On a drizzly Monday in March, three more entrepreneurs have made the trek to Cow Hollow. Anderson has set the day aside for investor meetings, but he’s been able to slot in a few minutes for founders who need some coaching. He so zealously guards his time that his assistant will interrupt every meeting with 10 minutes left to ensure he doesn’t run over. When the entrepreneurs from small business scheduling software company Homebase go over their latest numbers and wonder aloud why customer sign-ups have slowed down, Anderson looks at the stats before giving simple advice: Let’s hire an internal PR person to generate buzz, he says, and they nod. In an earlier meeting, Sidharth ­Kakkar, the CEO of educational technology company Front Row, asks Anderson for the best way to fire inefficient workers and streamline the teams reporting to him. After a small discussion, Anderson takes to his whiteboard and diagrams a new way to assign people into groups.

No matter how successful startups become, they always have a crisis or ten. In late 2012, Stitch Fix CEO Katrina Lake was getting perilously close to not making payroll and had been turned down by 20 venture firms. Anderson, who had written her first cheque, told her to take a vacation over Christmas and gave her $250,000 more to keep the business afloat. Earlier this year, Manik Singh, the CEO of Threadflip, a used-clothing marketplace that had raised $22 million, came to Anderson to tell him he was shutting down. Anderson, an investor in Threadflip, said do it. “ ‘You’re not working for me so I can have some large exit,’ ” Singh recalls Anderson telling him. Threadflip’s closure wiped out millions of dollars in capital, including approximately $1 million from Anderson. Of such ­situations, Anderson shrugs. “I don’t want them feeling they’re working for me to get back 10 cents on the dollar,” he says. “I’m a big boy, and I’m in this business to lose money, too.”

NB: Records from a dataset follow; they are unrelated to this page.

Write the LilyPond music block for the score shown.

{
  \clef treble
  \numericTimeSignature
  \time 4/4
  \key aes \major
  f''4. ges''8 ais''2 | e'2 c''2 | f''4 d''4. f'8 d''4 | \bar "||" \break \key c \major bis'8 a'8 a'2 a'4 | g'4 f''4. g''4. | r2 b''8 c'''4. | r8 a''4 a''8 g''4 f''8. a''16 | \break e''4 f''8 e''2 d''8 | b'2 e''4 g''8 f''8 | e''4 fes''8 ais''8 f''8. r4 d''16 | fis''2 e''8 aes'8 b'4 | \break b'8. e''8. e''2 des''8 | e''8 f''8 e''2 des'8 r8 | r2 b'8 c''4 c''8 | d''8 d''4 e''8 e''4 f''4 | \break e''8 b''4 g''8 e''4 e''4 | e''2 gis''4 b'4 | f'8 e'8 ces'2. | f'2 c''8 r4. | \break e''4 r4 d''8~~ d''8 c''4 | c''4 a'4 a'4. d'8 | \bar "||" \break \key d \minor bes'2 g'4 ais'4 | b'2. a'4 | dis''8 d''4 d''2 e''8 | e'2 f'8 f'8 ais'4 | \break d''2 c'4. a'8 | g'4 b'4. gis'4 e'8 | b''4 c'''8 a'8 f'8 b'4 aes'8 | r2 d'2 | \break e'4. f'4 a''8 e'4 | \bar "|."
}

Anderson has made a lot of money for his backers because there have been more Stitch Fixes than Threadflips. The startup economy has gotten far tighter lately, and Anderson is prepping his companies for another correction, the third of his career. “I’m not sure if it’s going to be a bloodbath or just some heavy vein bleeding,” he says. He made only two investments in the last quarter of 2015—a sign of being even more choosy. If there is an even bigger crash in early-stage funding, Anderson says he is open to changing his playbook to invest beyond the seed stage.

There’s also nothing stopping Anderson from walking away. He’s already made a fortune and doesn’t have anyone to answer to. “My ego doesn’t say Baseline has to live on beyond my interest in it,” he says. “I don’t have that need to build an institution.” He’s giving up the Cow Hollow place. Rents are too high, so he’s going to set up in cheaper digs at a co-working space downtown.

For now, Anderson is having too much fun to slow down. At this story’s photo shoot, he gleefully goes along with the photographer’s idea to cover his hands in gold paint, a not-so-subtle metaphor for his rank on the Midas List. After modelling for the better part of three hours, Anderson goes off to clean up before a phone call with an entrepreneur. The soap and hot water slowly wash away the gold sheen from Anderson’s freckled hands. Is it a sign?

“I damn well hope not,” he says with a smile.